YOUR ASSIGNMENT:
Would you please set down the data again exactly as given, excluding the pictures?

START DATASET SECTION

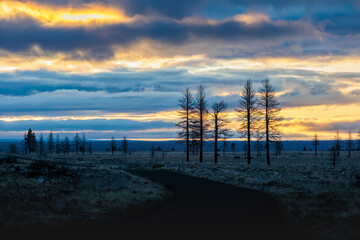 Sticker - Woodlands landscape at sunrise in Northern California in Spring 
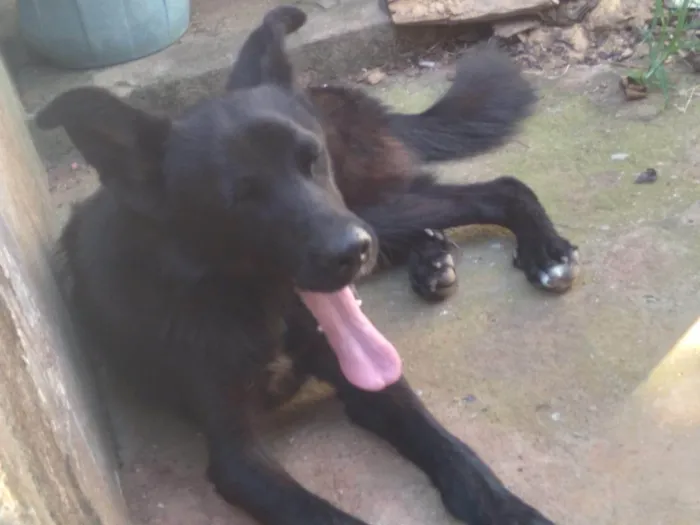 Cachorro ra a Pastor Alemão idade 2 anos nome Rex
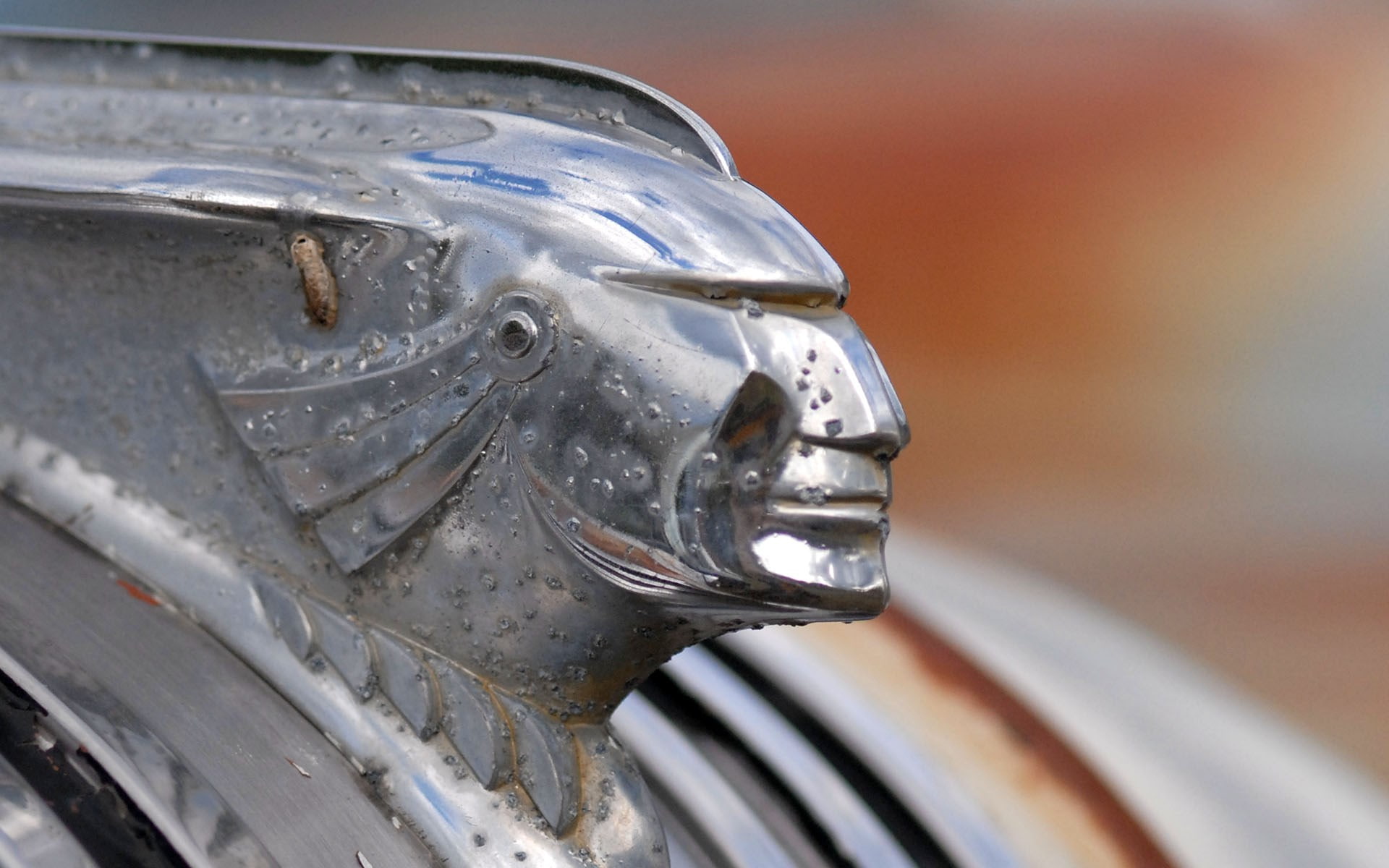 1080P, hood ornament, HD Wallpaper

END DATASET SECTION

EXERCISE OUTPUT:
 Sticker - Woodlands landscape at sunrise in Northern California in Spring 
 Cachorro ra a Pastor Alemão idade 2 anos nome Rex
 1080P, hood ornament, HD Wallpaper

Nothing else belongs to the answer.